Wallace teaches in a part of Baltimore where gun violence is so common that in the space of 15 months, seven of the students at her high school were shot dead. Atop a massage table during a sea cruise she had booked hoping to escape reality, “I just cried,” Wallace says. “The masseuse thought she hurt me.” The 63-year-old views guns as a plague that needs to be eradicated.
In suburban New Carrollton, Chester lives in regret that she did not have a gun at hand, and know how to use it, the day 10 years ago that her ex-boyfriend shot her. She lost her right leg and her unborn child. “It could have changed my whole story,” says Chester, 31 and a “firm believer” in the Second Amendment. She wants other women to be empowered to take the action she could not.
Even though they may disagree on guns, their opinions are grounded in lived experience and expressed with a sincerity and respect often missing in the national debate. That was the most consistent takeaway from TIME’s project on guns, an undertaking that involved three cities and 245 people over five months. The artist JR assembled the mural on this week’s cover from separate photographs of every participant, each with a distinct view on firearms. They were situated in a tableau that evokes not only the spirit of debate associated with the Founding Fathers but something else as well—the unity that flows from a sense of shared enterprise. We saw the same thing in St. Louis; in Washington, D.C.; and in Dallas: We’re all in this together.
Owning a gun remains one of the oldest and in many places most cherished traditions in America, but it’s no longer as commonplace as it was 230 years ago. The right to “keep and bear arms” with a “well-regulated militia” was regarded as so central to the notion of liberty that it came second in the Bill of Rights only to the freedom to think and speak.
But when the topic is the Second Amendment, the exercise of the First Amendment lately amounts to talking past one another. The gun debate stands frozen in stalemate, advocates unable to agree even on the meaning of words. When one side appeals for “commonsense gun controls,” the other hears only “control.” When some say “law-abiding gun owners,” others only hear “gun.” How did we get here? Over time.
See TIME’s special report on Guns in America
America was a rural nation for most of its history. And in many places, firearms remain tools—for sport, for securing food, for a bond to connect generations. In Lewisville, Texas, 10-year-old Cooper Buck spends many weekends hunting with her parents, something she has done since her grandfather gave her her first gun (it was pink) for Christmas when she was 5. “I really want to pass this down to my kids whenever I get older,” she says after being photographed by JR while holding a gun in early September in Dallas. She hopes to show people across the country that her gun is not something to fear.

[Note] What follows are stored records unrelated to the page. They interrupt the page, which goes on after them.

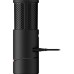 Микрофон HyperX SoloCast 2 Black (AR0A0AA)
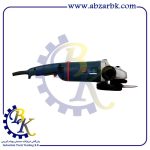 فرز آهنگری آروا 5507 | بازرگانی ابزارآلات صنعتی B.K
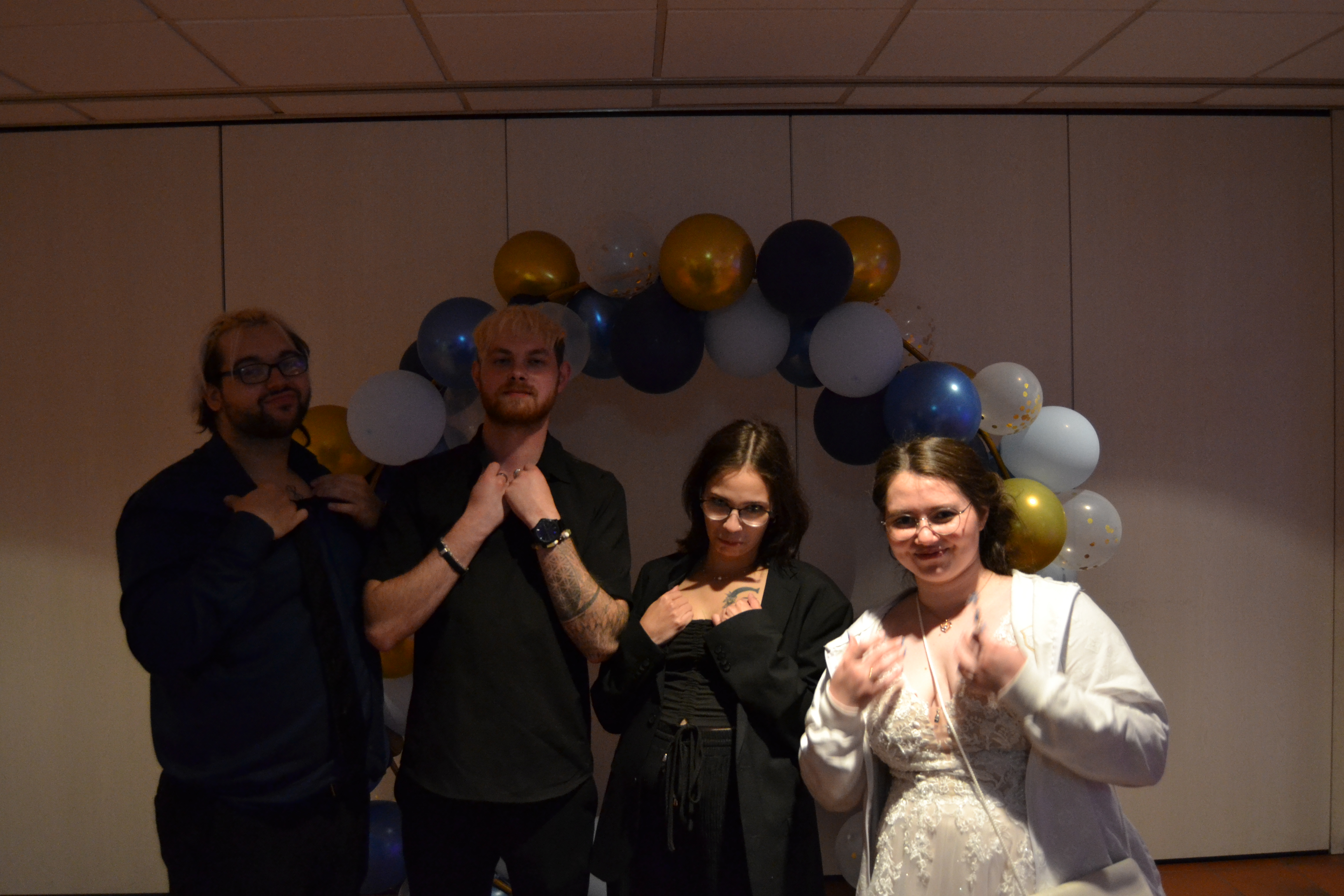 Hochzeitsbild
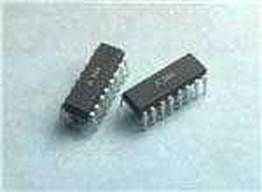 ACPL-844-060E BROADCOM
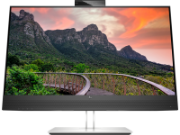 Picture of HP E27m G4 USB-C Conf QHD Monitor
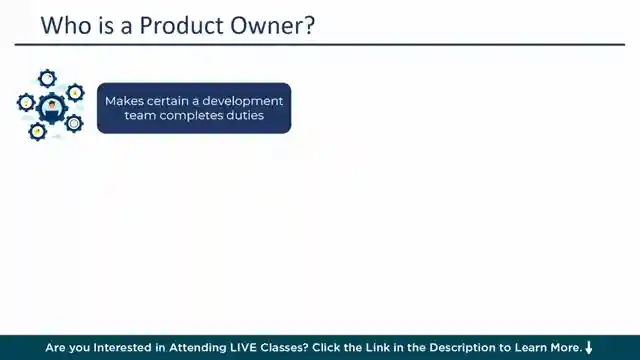 master-product-management-course-skills-and-career-opportunities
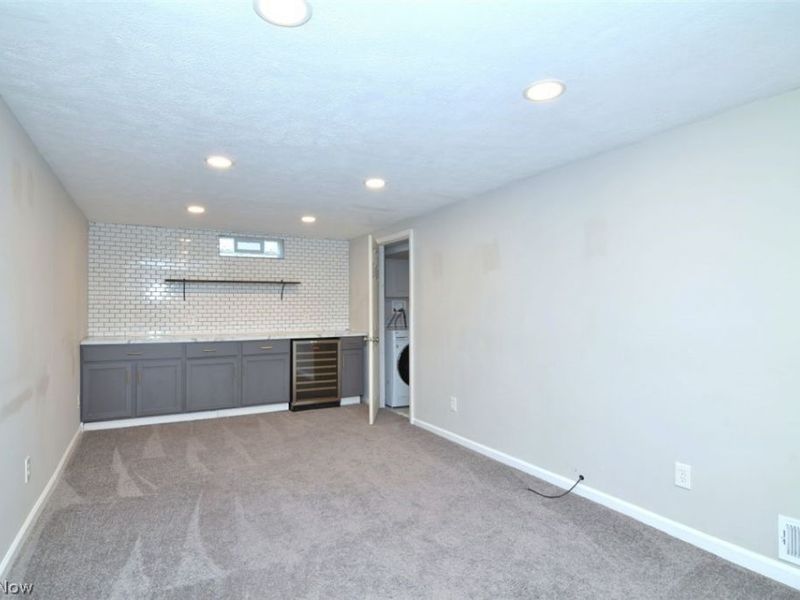 3574 Farland Road, University Heights, OH 44118 Photo 29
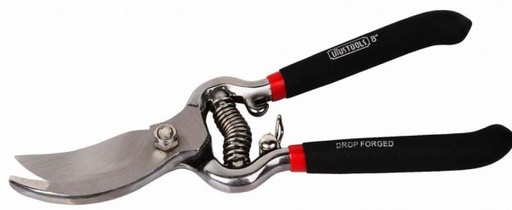 [HMETIJ-00215] TIJERA PODAR 8 in | UYUSTOOLS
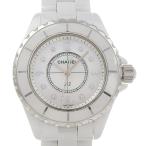 ブランドショップロンドのH2422を見る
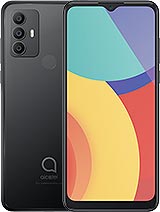 Best available price of alcatel 1V (2021) in Luxembourg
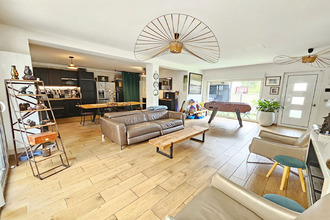  maison fontenay-sous-bois 94120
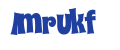 Клик для обновления картинки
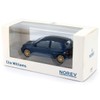 Norev NV517522 Maxijet 1993 Williams Giocattolo modellino pressofuso, Blu, Scala
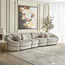Kyra 4-Seater Fabric Sofa-furniture-sofaandseating-sofasandsofasets-image-1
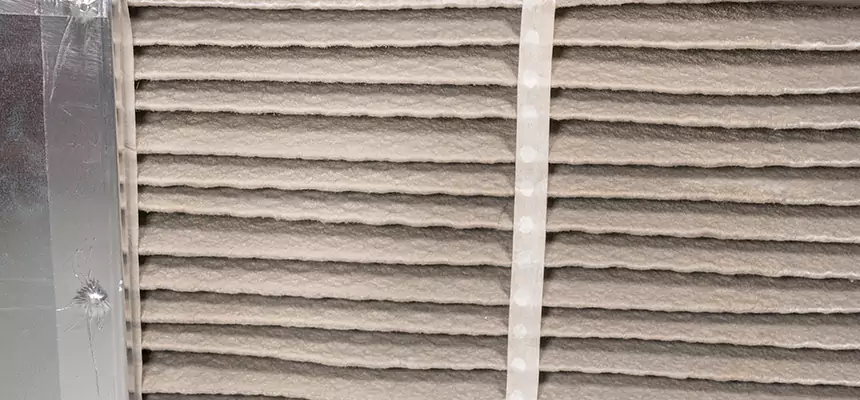 Our Split Duct System Installation Services in Short Pump, VA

A firearm can be a beautiful thing, depending on the eye of the beholder. Wander the tables of a gun show and the combination of burnished walnut, tooled steel and exquisite balance might be fondly labeled artisanal by a city dweller. The craftsmanship displays tradition and care, including the solemn sort a parent brings to the instruction (often via an NRA safety course) of a youth in the responsible handling of a lethal weapon, a marker in the passage to adulthood.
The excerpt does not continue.